Kepler's laws for circular orbits Kepler's first law states that planets revolve around the sun in an ellipse with the sun at one focus of this ellipse. (a special case would be a circular orbit with the sun at the center).
The second law states that the areal velocity is a constant. Thus we can write ($dA = c dt$). If we integrate over one complete cycle we find that the area of the orbit, which is proportional to the square of the radius, is proportional to the time period.
The third law states that the square of the time period is proportional to the cube of the semi-major axis of the elliptical orbit.
My question is, should we swap out "semi-major axis" and replace it with "radius", or is there something missing? if we can, that leads to a contradiction with the second law.
however, how can the result obtained from the second law be wrong for circular orbits? What am I missing?
 A: 
My question is, should we swap out "semi-major axis" and replace it with "radius"...

We can always do that. As you noted, circle is a special case of ellipse.

The second law states that the areal velocity is a constant. Thus we can write (dA=cdt).

Correct. Here c is areal speed.

If we integrate over one complete cycle we find that the area of the orbit, which is proportional to the square of the radius, is proportional to the time period.

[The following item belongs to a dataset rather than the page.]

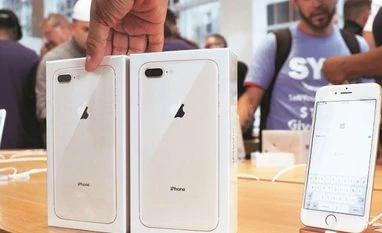 iOS 15.4 hints at push notifications coming to web apps Apple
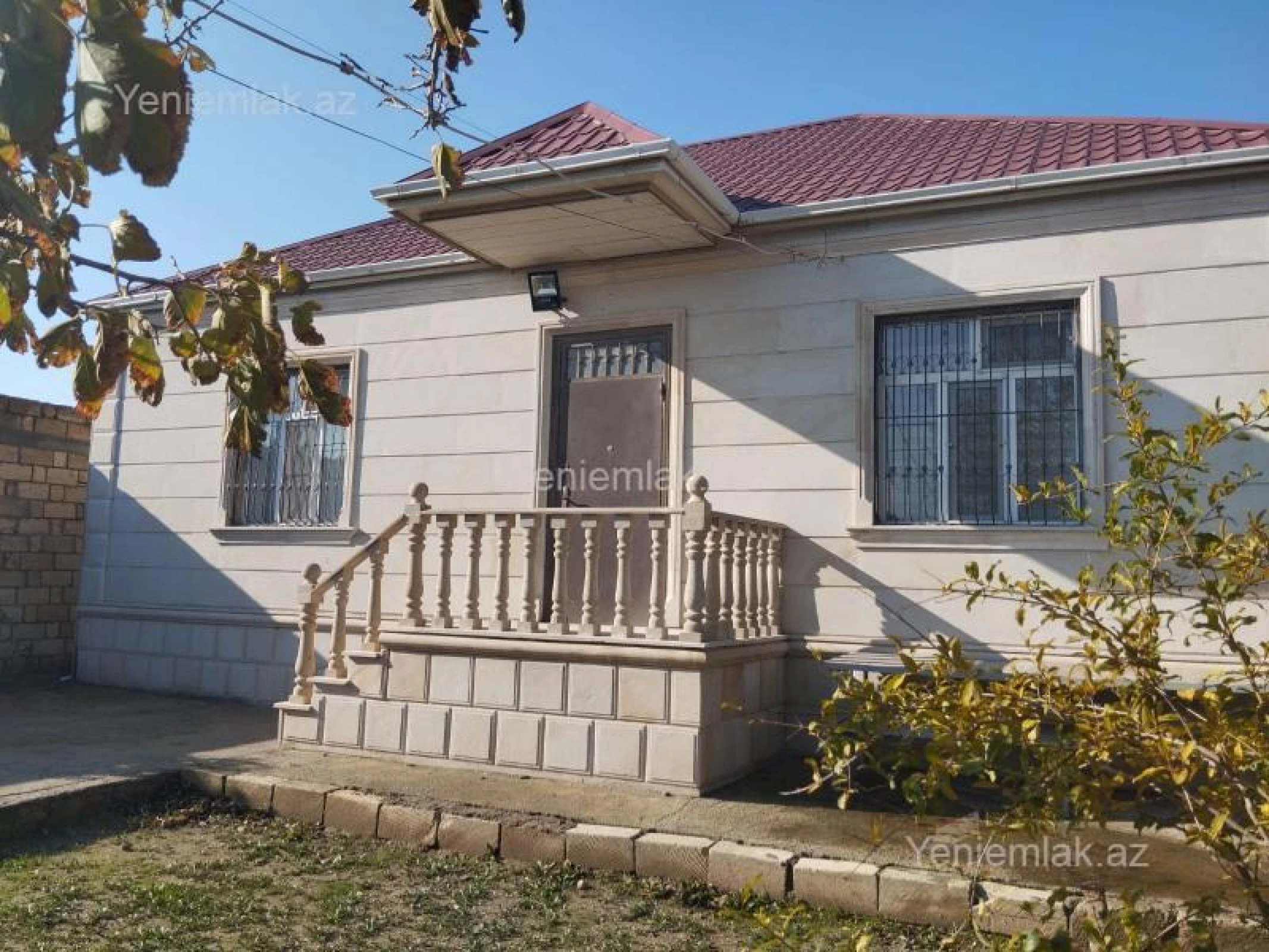 Satılır 3 otaqlı həyət evi 100 m²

Integrating we will get $\pi r^2 = cT$
From this we cannot conclude that $T$ is proportional to $r^2$. The reason is areal velocity $c$ is also dependent on $r$. I hope the source of confusion is clear.
A: For circular orbits,
$$\frac{dA}{dt}=\frac{L}{2\mu}\Rightarrow \pi R^2=\frac{L}{2\mu}T$$
Further  $$E=\frac{\mu C^2}{2L^2}\ \ \ \text{For circular orbits}$$
From now on I'm just going to keep track of proportionality.
$$R^2\propto LT\propto\frac{1}{\sqrt{E}}T$$
But further we known that $R\propto 1/E$
$$R^{3/2}\propto T\Rightarrow \boxed{R^3\propto T^2}$$